En Suisse, le droit à l’image est un droit de la personnalité, protégé par l’article 28 du Code civil. Le principe est simple: on ne peut pas prendre quelqu’un en photographie sans son consentement, à moins d’un intérêt prépondérant privé ou public – le droit à l’information par exemple – ou d’une base légale. A partir de là, il s’agit d’être pragmatique.
«On ne peut évidemment attendre qu’une rue soit vide pour photographier, note Vanessa Chambour, spécialiste en droit à l’image à Lausanne. Une scène de rue, d’ambiance, ne constitue pas une atteinte lorsque les personnes y figurent comme accessoires. Si quelqu’un est ciblé ou individualisé, alors il devient sujet du cliché et l’on peut parler d’atteinte.»
Une foule ne pose donc pas de problème, tant que personne n’y est mis en valeur. Adieu les élégantes et les canailles de William Klein, les passants attrapés par Meyerowitz ou Burri.

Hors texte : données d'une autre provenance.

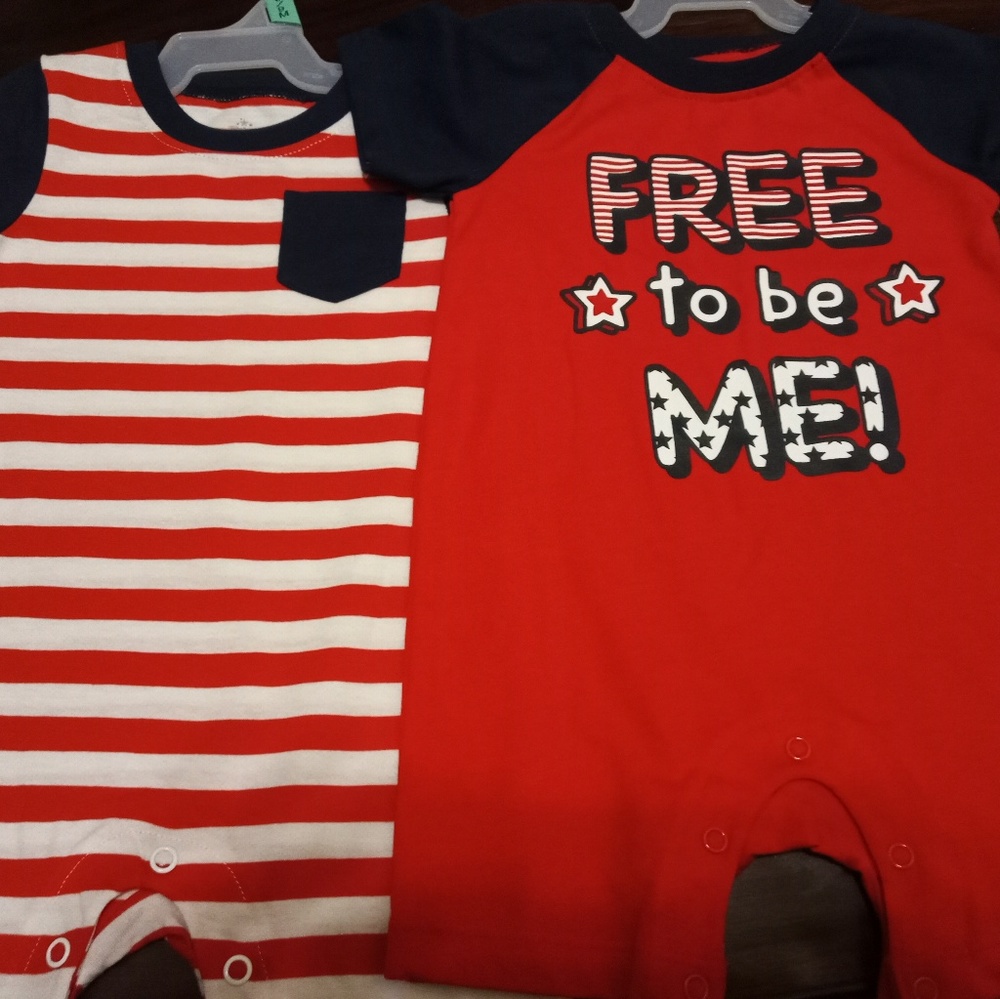 Two onesies boy/girl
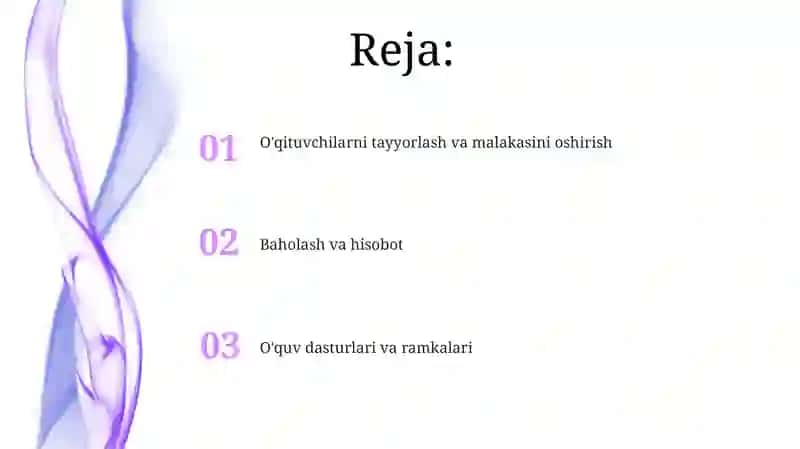 O'quv dasturlari va ramkalari 2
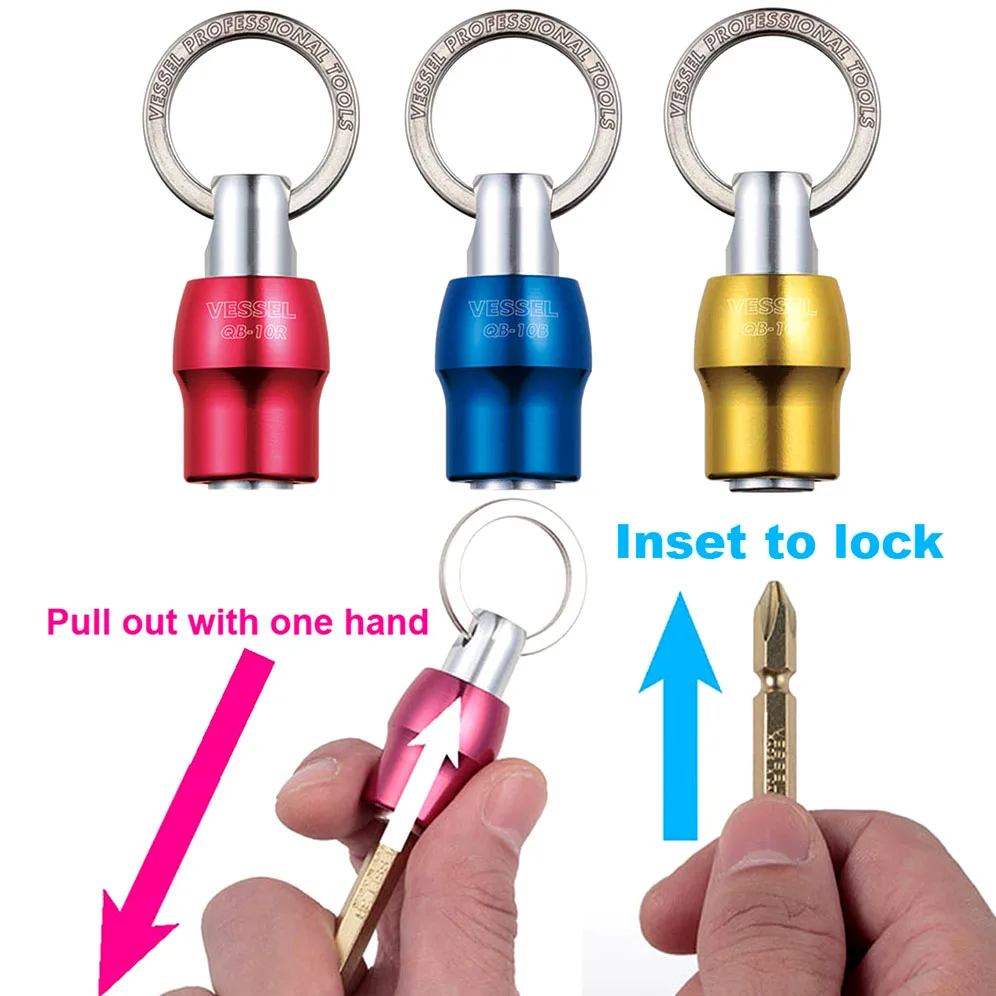 Japan Vessel Screwdriver Bits Holder Quick Catcher for Craftspeople with Flat Ring | Инструменты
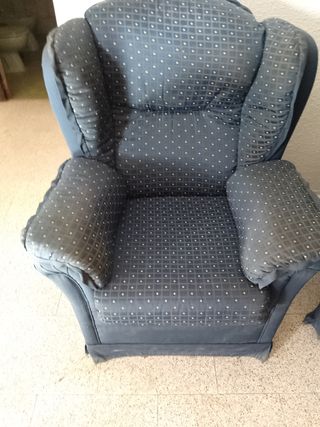 Sillones tela azul - Lavables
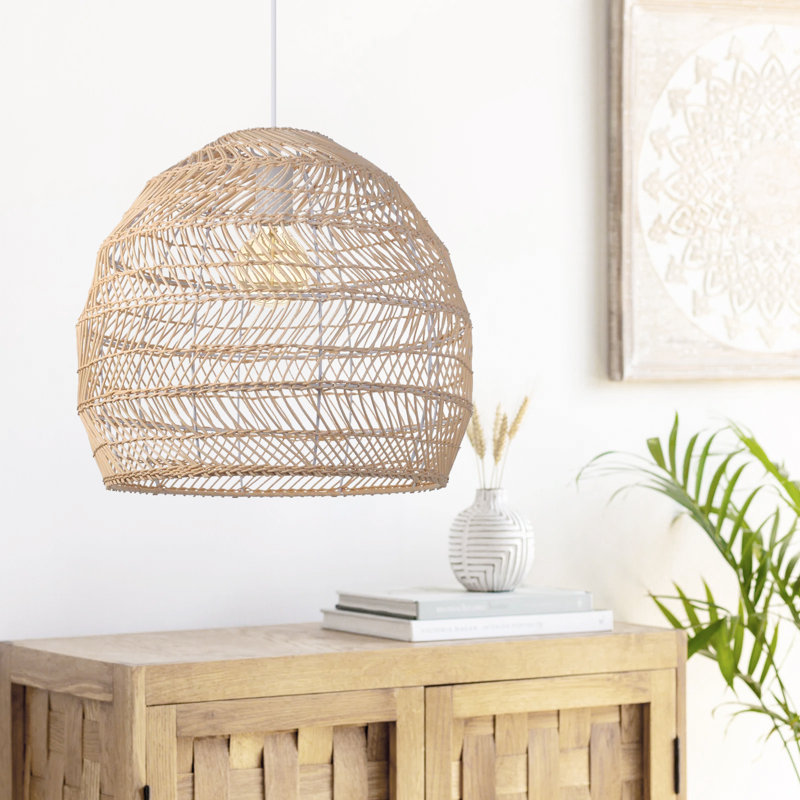Geometric Pendant Light 1-Light Burrton, 40 x 40 x 40cm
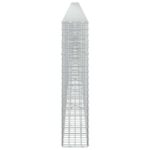 vidaXL Gabión s drôtom 3,5 mm a sieťou 5x5 cm 800x20x100 cm – Obrázok 4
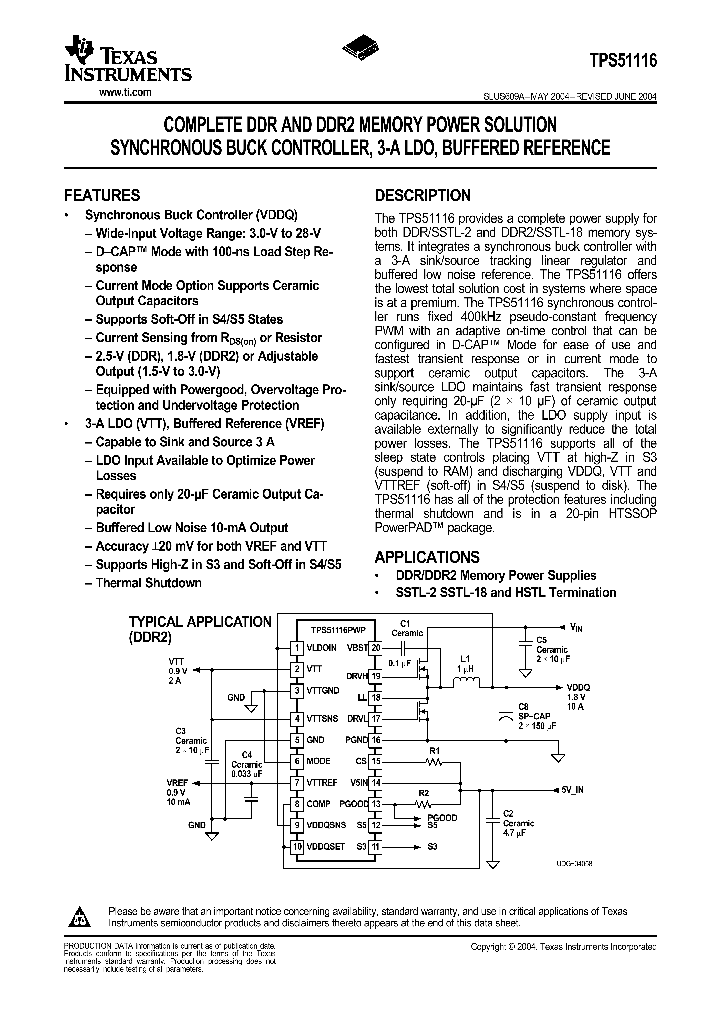 TPS51116_362910.PDF Datasheet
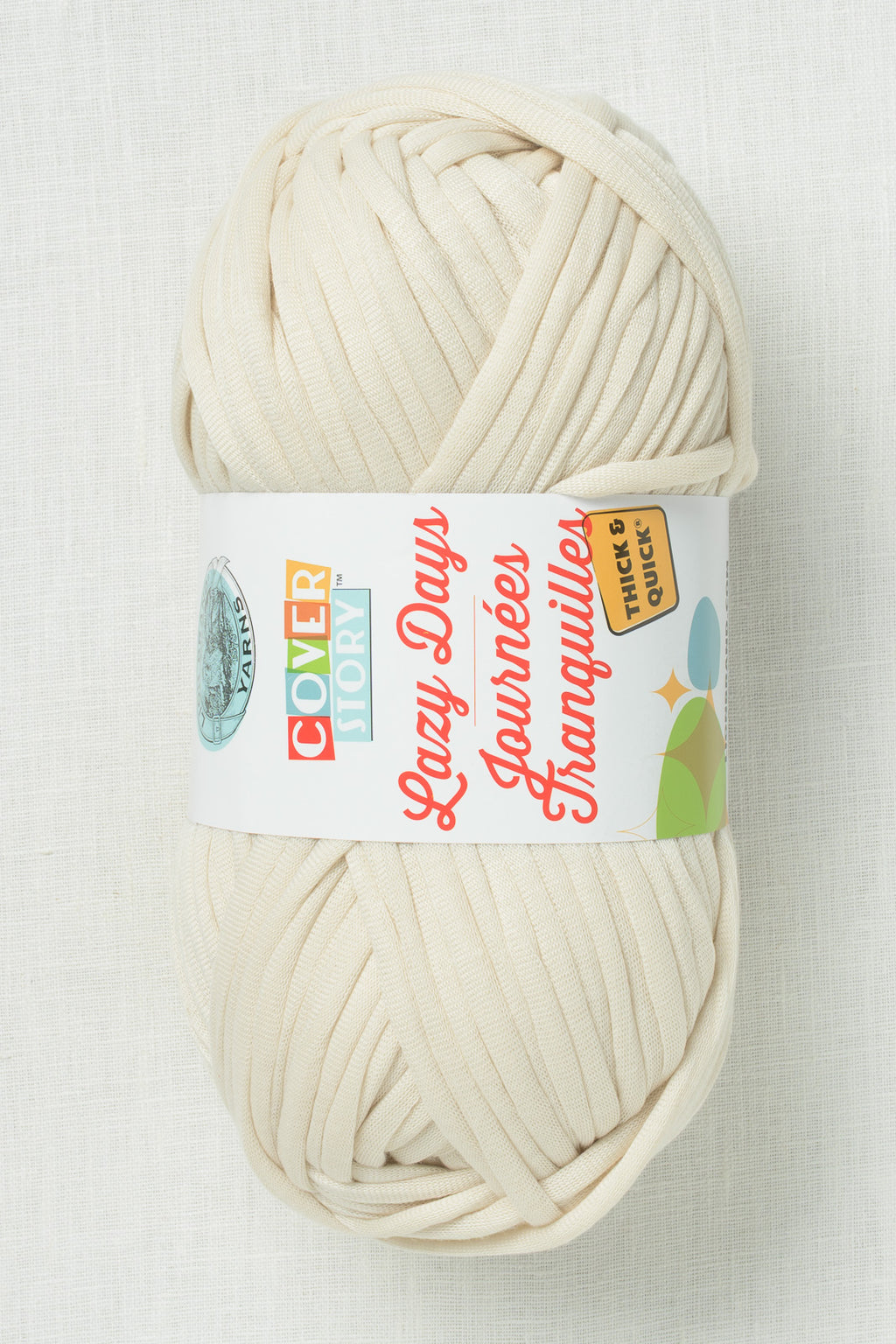 Lion Brand Cover Story Lazy Days Thick & Quick 098W Cream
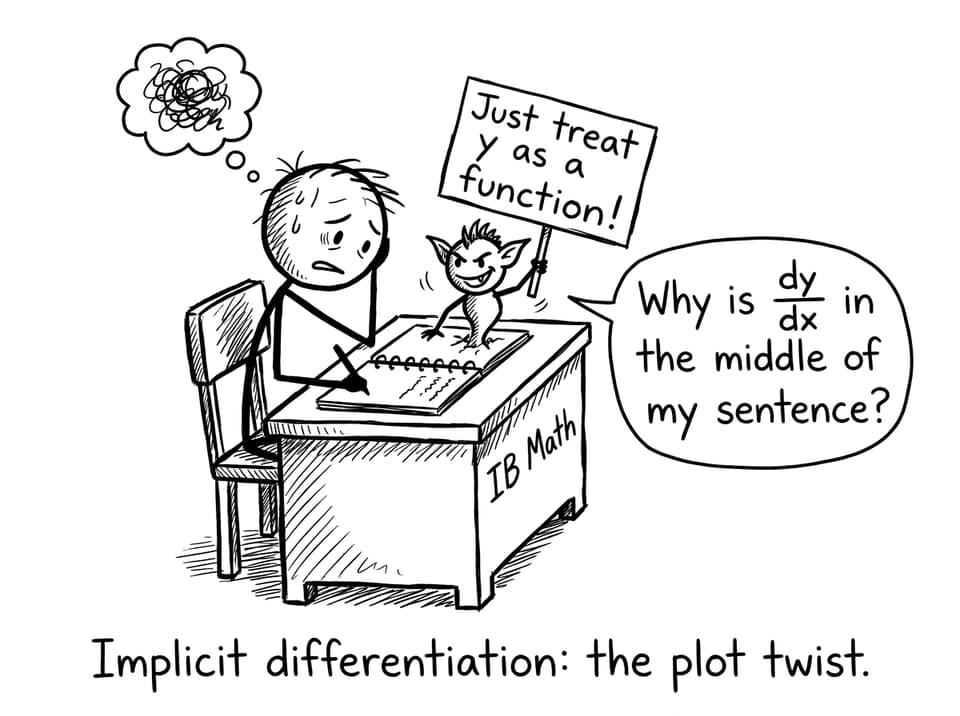 Implicit differentiation plot twist comic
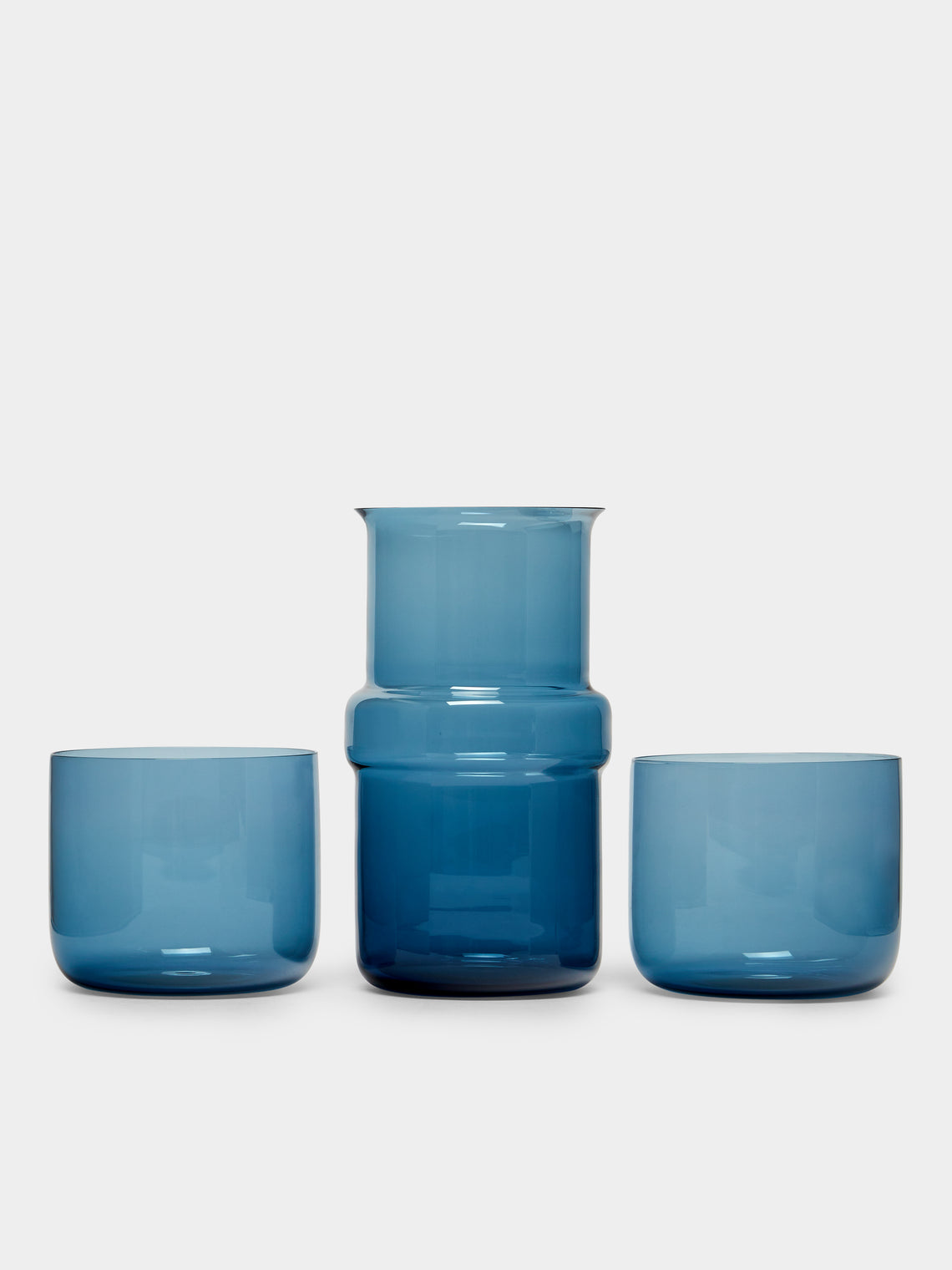 NasonMoretti - Murano Carafe & Glass Set - Blue - ABASK -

Même pris dans la masse, un individu en situation gênante peut s’estimer lésé. Au revoir les clochards et les misérables de Cartier-Bresson. Quant aux personnalités publiques, elles doivent tolérer un degré d’exposition plus important que les anonymes. Une image les représentant dans un acte relevant de la vie privée doit cependant contribuer au débat d’intérêt général pour être justifiée.
«Il y a peu d’action en justice en Suisse, soit parce que les personnes ignorent avoir été photographiées, soit parce qu’elles sont flattées, soit parce qu’elles appréhendent les coûts et la longueur d’une procédure judiciaire. Les litiges sont souvent réglés à l’amiable», souligne l’avocate. Outre l’image en elle-même, le contexte de publication ou la légende peuvent porter préjudice aux individus photographiés. Il revient aux journaux de ne pas se détourner le sens d’un cliché.